You don’t need to know much about worktrees to use them
The great thing is that you can use worktrees with zero knowledge of what’s happening under the hood. Coding agents are smart enough to call the right git commands to set up a worktree and branch. With a little guidance, agents can consistently create worktrees in the right place using the right commands.
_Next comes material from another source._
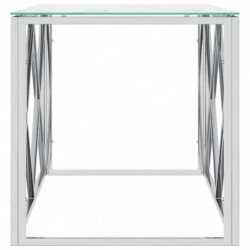 Couchtisch 110x45x45 cm Edelstahl und Glas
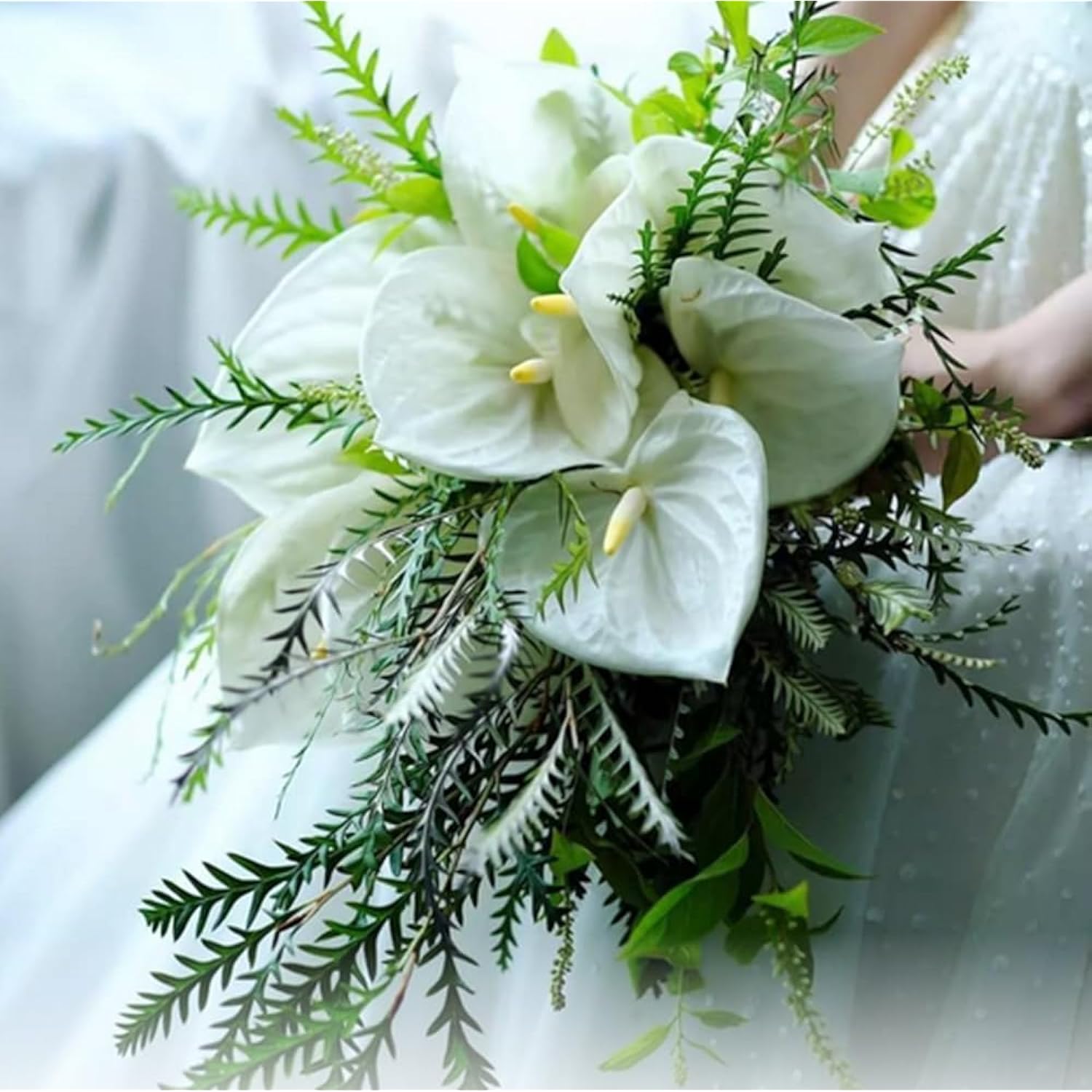 8Pcs 13Inch Pure White Artificial Anthurium Lily Flowers Permanent For Home Decor Bouquet Home Bridal Wedding Festival Party,Crafts,Store Decor Arrangements Flower Bouquet Accessories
Here’s what I’ve placed in my global CLAUDE.md file (~/.claude/CLAUDE.md) to let the agent know what to do every time it’s asked to use a worktree:
## Git Worktrees
When setting up git worktrees, always use `~/.worktrees/` as the base
directory. Name worktree directories using the pattern
`{repo-name}-{branch-name}`. For example:
`git worktree add ~/.worktrees/my-project-my-feature -b my-feature main`
Then whenever I’m using Claude Code to, say, fix a bug, I can just prompt it in a worktree fix this UI bug in .... It’s that easy. The Claude Code instance can remain in the same main working directory of the project and it’s smart enough to know to cd into that worktree directory for every command or tool it uses.
Don’t expect it to be a silver bullet
There are some obvious limitations that worktrees don’t, and shouldn’t, solve. Depending on the project, if there are external dependencies (e.g. port numbers, databases, external APIs), things like running the dev server, tests, or code that affects anything outside the working directory could cause one agent to trip up another. Keep this in mind when using worktrees.
Being able to isolate instances of your project from each other is the holy grail, as that allows the agent to fully do anything it deems useful to its task at hand. Run a dev server and have the agent use a browser? Sure. Let it go wild refactoring your database tables? Go for it. Git worktrees just handle the filesystem separation. Your own solution is needed for isolation — whether that’s assigning random ports, setting up and tearing down dependent services, or database-level separation. Don’t let this stop you from utilizing agents though! They can still be quite effective at reading and writing the code, running tests, and code linters. The extra flexibility you get from pushing agents to do bigger changes and providing them with ways to check their own work makes them even more powerful at building high-quality code.